The ocean is like our voices when they are open. Sometimes quiet, sometimes furious, but always flowing.
No one can quiet the voice of the ocean
Finding our truth and speaking it is so important to living our lives in integrity and love. It’s a common issue that many people face in a society that wants us to conform to certain ways of speaking. In this post, my student, Jenn, shares her journey with finding her voice. And if you’d like yet another perspective, you can check out my former student, Susan’s post on the topic as well. BTW, toady's picture is also from Jenn.

Enjoy the blog!

Finding My Voice

For me to find my own voice, I needed to go back to the time and place when I thought I first lost it. For me, that's easy to know; I need to go back to birth.

I never had my own voice. For most of my life, I said and did what I thought everyone else wanted me to say and do. For the first time, I am finding my own voice. My own pure beautiful voice. My voice and my heart are connected. I have the awareness today to know when I am speaking from my heart or when I am speaking from my head or someone else’s ideas. To find my own voice is to take responsibility for my life and clean out all the garbage that is blocking the pathway to my heart. I had to get honest with myself. I needed to unlock painful childhood memories that I tried to run from for years. 

When I tell people I didn’t talk until I was 7 years old, they have a reaction of either disbelief or find it humorous. I can tell you it’s anything but funny. When I was a young girl I was an observer; I watched life. I watched how people interacted at home, in school, and I watched how nature interacted. I was a curious child, and unfortunately I was a very scared child. I still remember listening to the teacher in nursery school call my name over and over until I hesitantly raised my hand slowly almost shamefully. Children used to approach me and poke their finger into my side and ask if I was a stuffed animal, and I would smile then look down. I would sit and color for hours without stopping; I would lose myself in art. I felt safe there. I felt peace there. But when it was time to socialize, I remember feeling a swarm of internal bees fly up my gut into my throat and to swarm and bite my vocal chords. It literally hurt, and I kept silent as a result.

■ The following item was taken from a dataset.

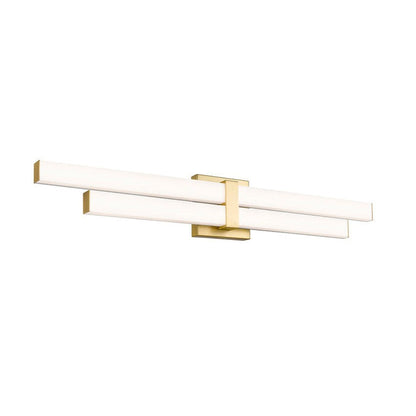 Z-Lite Zane 32" 2-Light LED Modern Gold and Frosted Shade Vanity Light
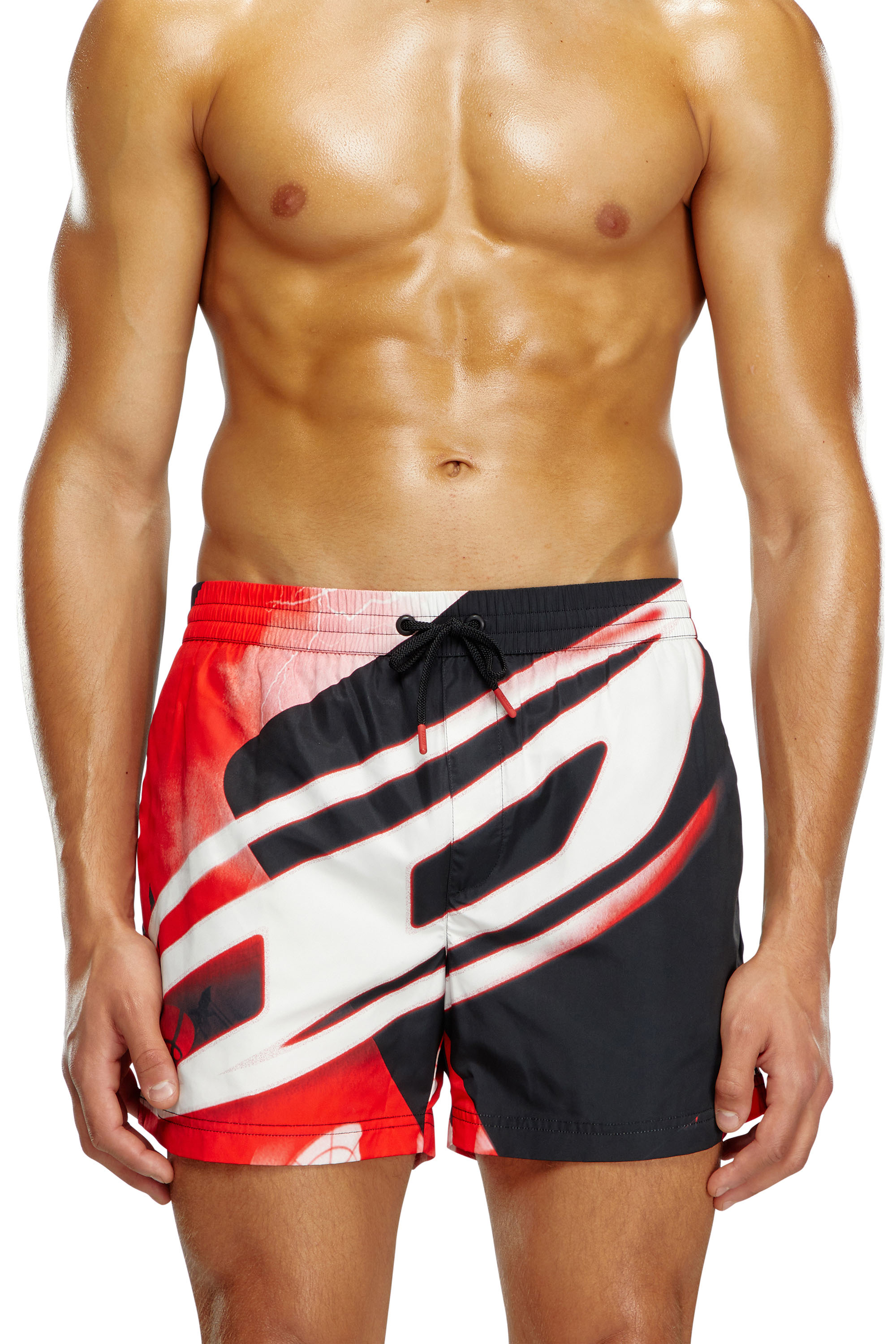 Diesel - BMBX-KEN-37, Male's Mid-length swim shorts with Oval D print in Red/Black - 2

I was scared to express myself. I was scared to talk because I was scared of what I would say. I wasn’t sure how I felt or what I thought to even start to be able to express my needs or wants or even simply my thoughts and definitely not my feelings. I was scared of not being accepted if I showed the world who I really was. I convinced myself that if the world really knew who Jenn was, then no one would ever love me. How could a little girl have so much fear and shame? I came from a childhood that was pretty normal. I never experienced physical harm. I was raised in a middle to upper class family and lived in a great suburban town 20 miles from NYC. I had really no “excuse” for this silent behavior. Then the more I dig, the more I realize that I never felt safe. I was always living in constant fear.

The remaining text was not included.